Some kinds of variables hold multiple values that are logically tied together. Perl has two types of multivalued variables: arrays and hashes. In many ways these behave like scalars. They spring into existence with nothing in them when needed. When you assign to them, they supply a list context to the right side of the assignment.

You'd use an array when you want to look something up by number. You'd use a hash when you want to look something up by name. The two concepts are complementary. You'll often see people using an array to translate month numbers into month names, and a corresponding hash to translate month names back into month numbers. (Though hashes aren't limited to holding only numbers. You could have a hash that translates month names to birthstone names, for instance.)

Arrays.

An array is an ordered list of scalars, accessed[9] by the scalar's position in the list. The list may contain numbers, or strings, or a mixture of both. (In fact, it could also contain references to other lists, but we'll get to that in Chapter 4, References and Nested Data Structures, when we're discussing multidimensional arrays.) To assign a list value to an array, you simply group the variables together (with a set of parentheses):

[9] Or keyed, or indexed, or subscripted, or looked up. Take your pick.

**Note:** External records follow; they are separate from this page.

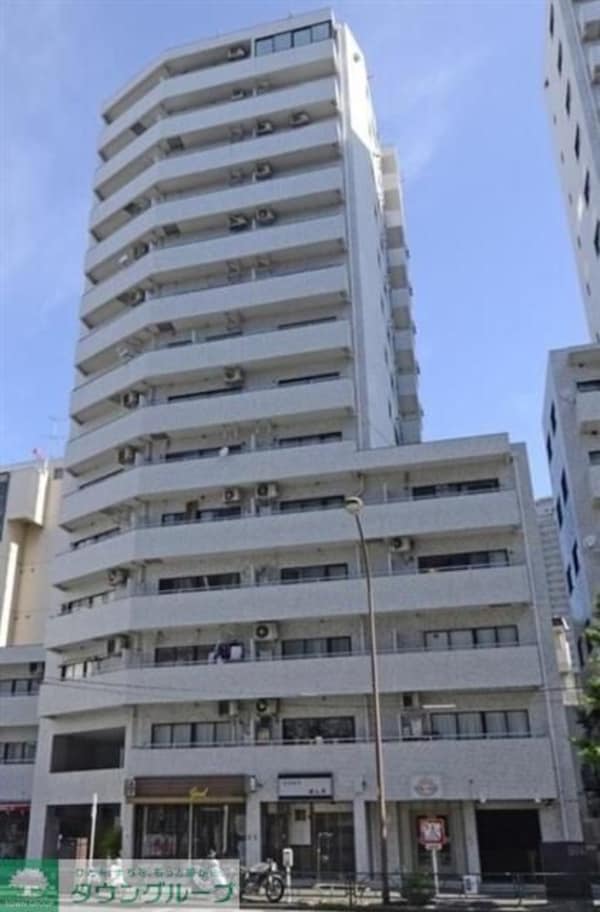 外観(お部屋探しは株式会社　タウンハウジング　までお気軽にお問合…)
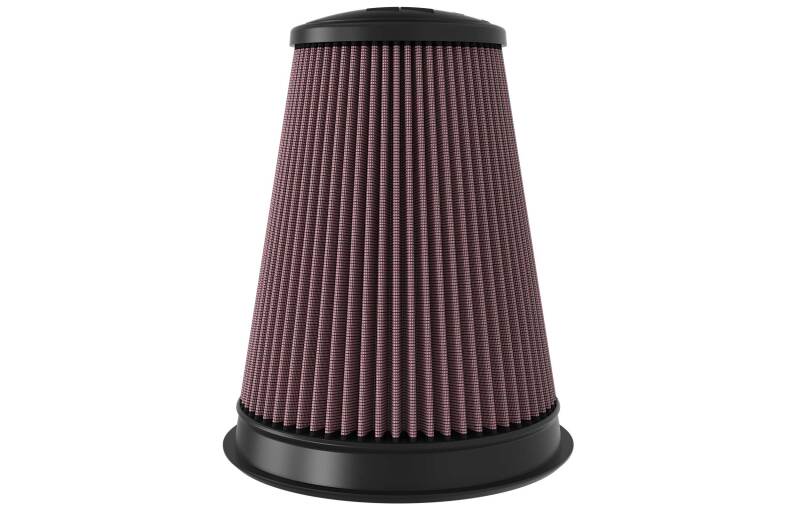 K&N Universal Air Filter 4in Flg 8-1/2in B 5in T 10-1/2in H Gen 3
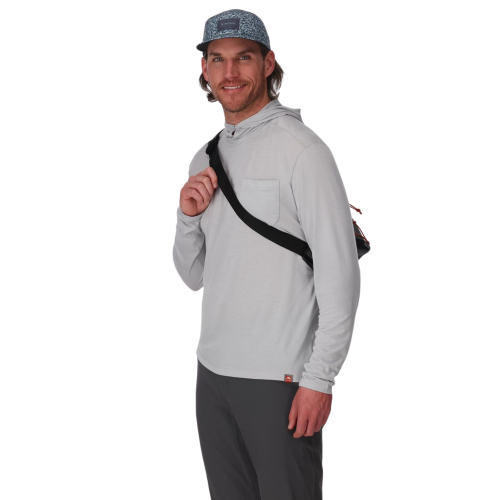 Scout Hip Pack Black Magic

@home = ("couch", "chair", "table", "stove");

Conversely, if you use @home in a list context, such as on the right side of a list assignment, you get back out the same list you put in. So you could set four scalar variables from the array like this:

($potato, $lift, $tennis, $pipe) = @home;

These are called list assignments. They logically happen in parallel, so you can swap two variables by saying:

($alpha,$omega) = ($omega,$alpha);

As in C, arrays are zero-based, so while you would talk about the first through fourth elements of the array, you would get to them with subscripts 0 through 3.[10] Array subscripts are enclosed in square brackets [like this], so if you want to select an individual array element, you would refer to it as $home[n], where n is the subscript (one less than the element number) you want. See the example below. Since the element you are dealing with is a scalar, you always precede it with a $.

[10] If this seems odd to you, just think of the subscript as an offset, that is, the count of how many array elements come before it. Obviously, the first element doesn't have any elements before it, and so has an offset of 0. This is how computers think. (We think.)

If you want to assign to one array element at a time, you could write the earlier assignment as:

$home[0] = "couch";
$home[1] = "chair";
$home[2] = "table";
$home[3] = "stove";

Since arrays are ordered, there are various useful operations that you can do on them, such as the stack operations, push and pop. A stack is, after all, just an ordered list, with a beginning and an end. Especially an end. Perl regards the end of your list as the top of a stack. (Although most Perl programmers think of a list as horizontal, with the top of the stack on the right.)

Hashes.

A hash is an unordered set of scalars, accessed[11] by some string value that is associated with each scalar. For this reason hashes are often called "associative arrays". But that's too long for lazy typists to type, and we talk about them so often that we decided to name them something short and snappy.[12] The other reason we picked the name "hash" is to emphasize the fact that they're disordered. (They are, coincidentally, implemented internally using a hash-table lookup, which is why hashes are so fast, and stay so fast no matter how many values you put into them.) You can't push or pop a hash though, because it doesn't make sense. A hash has no beginning or end. Nevertheless, hashes are extremely powerful and useful. Until you start thinking in terms of hashes, you aren't really thinking in Perl.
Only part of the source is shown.